===== Records for this exercise =====

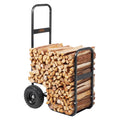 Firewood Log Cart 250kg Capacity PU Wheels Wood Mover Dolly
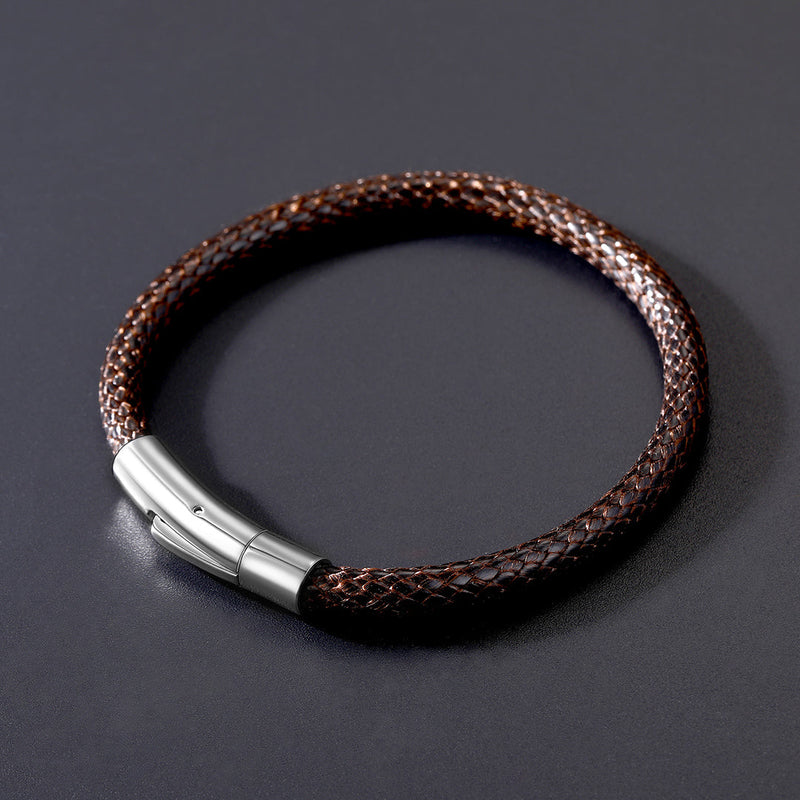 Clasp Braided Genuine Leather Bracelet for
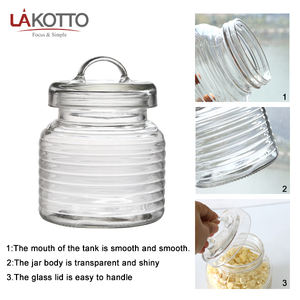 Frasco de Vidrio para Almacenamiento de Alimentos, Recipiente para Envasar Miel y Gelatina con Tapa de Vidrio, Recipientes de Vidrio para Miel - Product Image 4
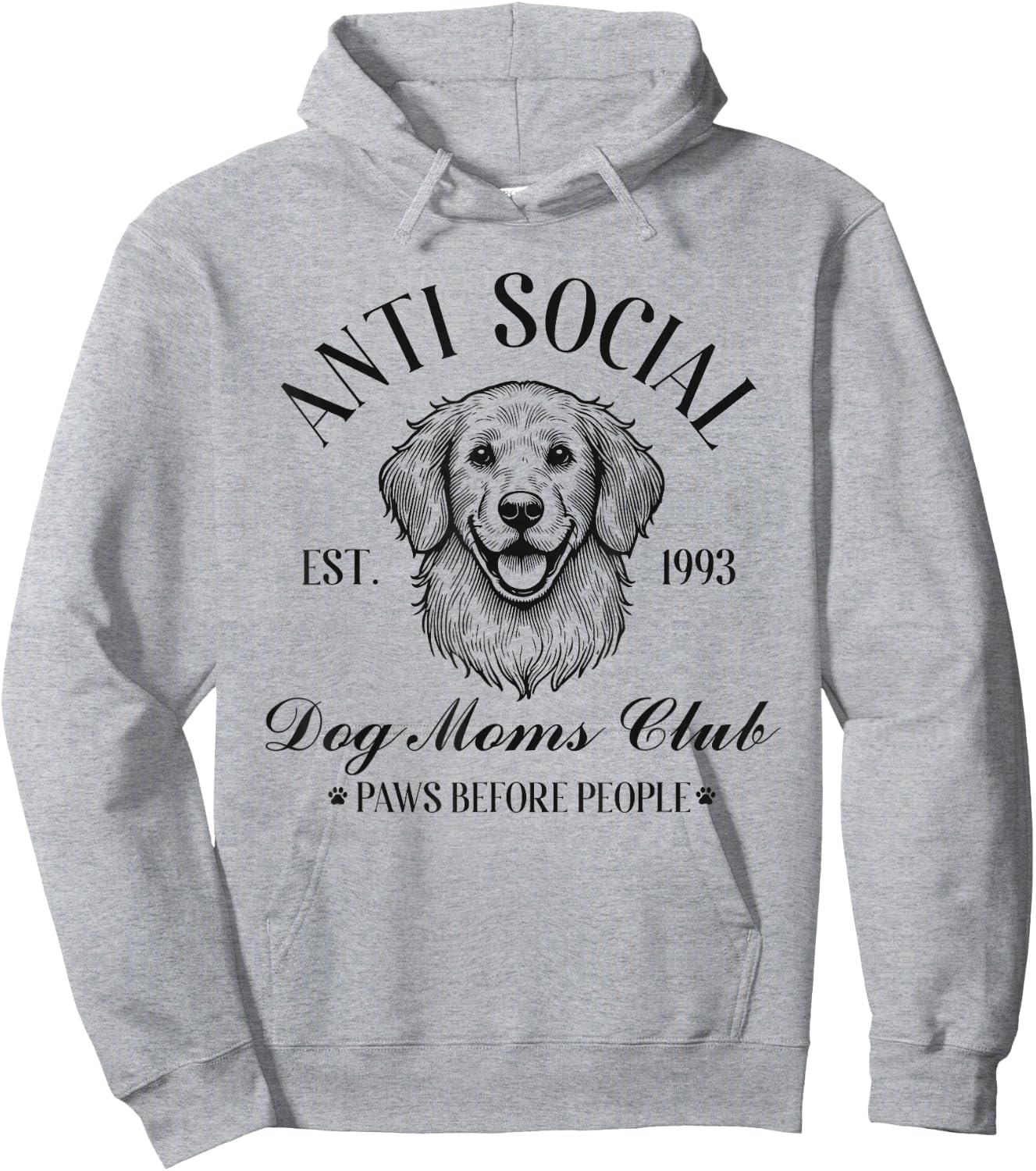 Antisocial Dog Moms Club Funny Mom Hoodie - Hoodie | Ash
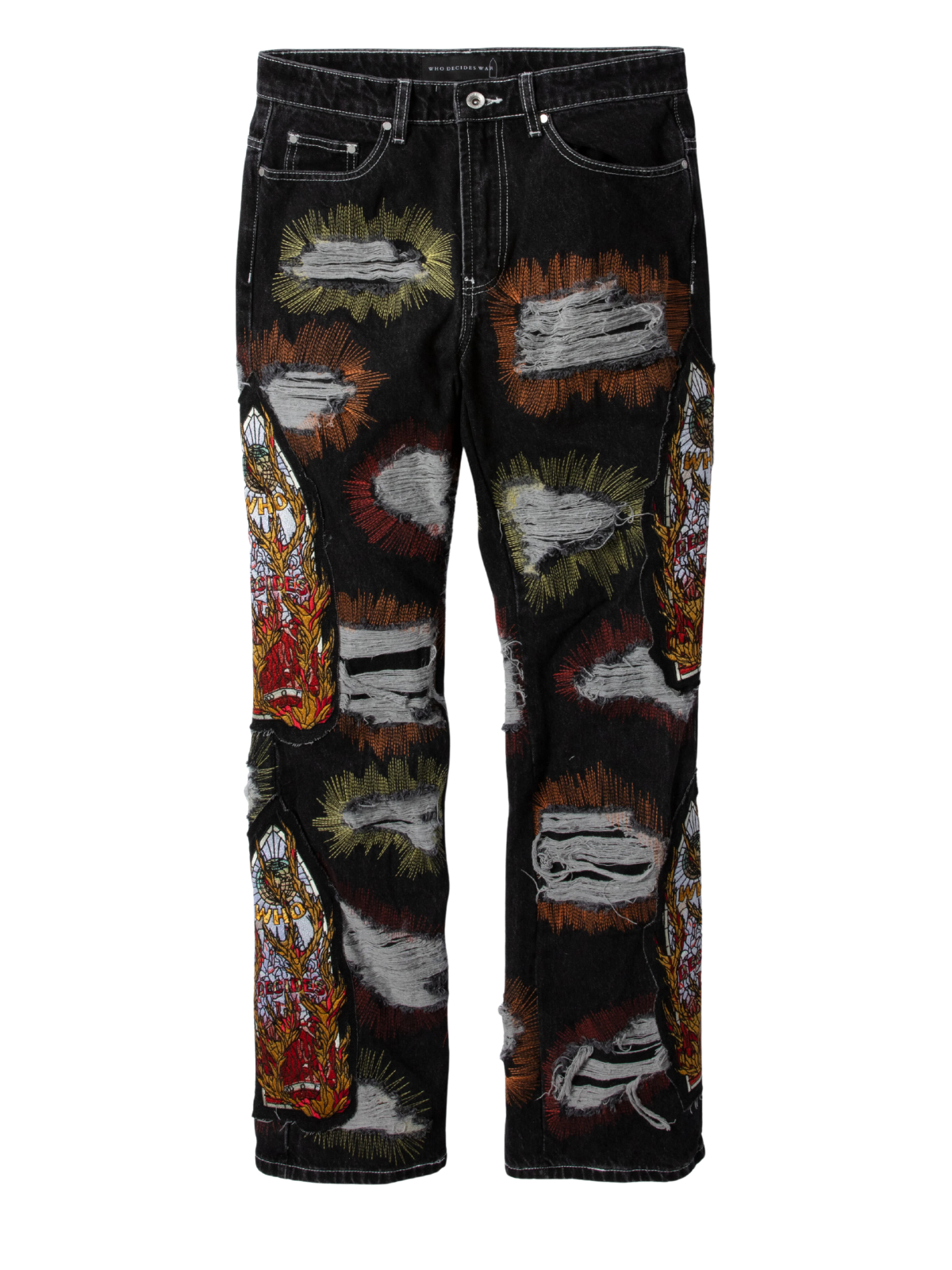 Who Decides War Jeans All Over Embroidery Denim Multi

=====
===== Records for this exercise =====

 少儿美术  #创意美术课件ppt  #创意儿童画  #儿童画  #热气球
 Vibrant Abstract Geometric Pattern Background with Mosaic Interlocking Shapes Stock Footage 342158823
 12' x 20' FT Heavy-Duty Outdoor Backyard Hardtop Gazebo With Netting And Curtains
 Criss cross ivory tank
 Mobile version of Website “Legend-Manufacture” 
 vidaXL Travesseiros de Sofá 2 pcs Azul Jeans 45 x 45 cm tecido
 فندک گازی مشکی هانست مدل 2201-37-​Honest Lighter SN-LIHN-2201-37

=====

→ Directions
Within the material above, only the stretch from the line holding "Firewood Log Cart" through the line holding "Who Decides War" is to be restated exactly. Pictures are dropped.

→ Exercise response
 Firewood Log Cart 250kg Capacity PU Wheels Wood Mover Dolly
 Clasp Braided Genuine Leather Bracelet for
 Frasco de Vidrio para Almacenamiento de Alimentos, Recipiente para Envasar Miel y Gelatina con Tapa de Vidrio, Recipientes de Vidrio para Miel - Product Image 4
 Antisocial Dog Moms Club Funny Mom Hoodie - Hoodie | Ash
 Who Decides War Jeans All Over Embroidery Denim Multi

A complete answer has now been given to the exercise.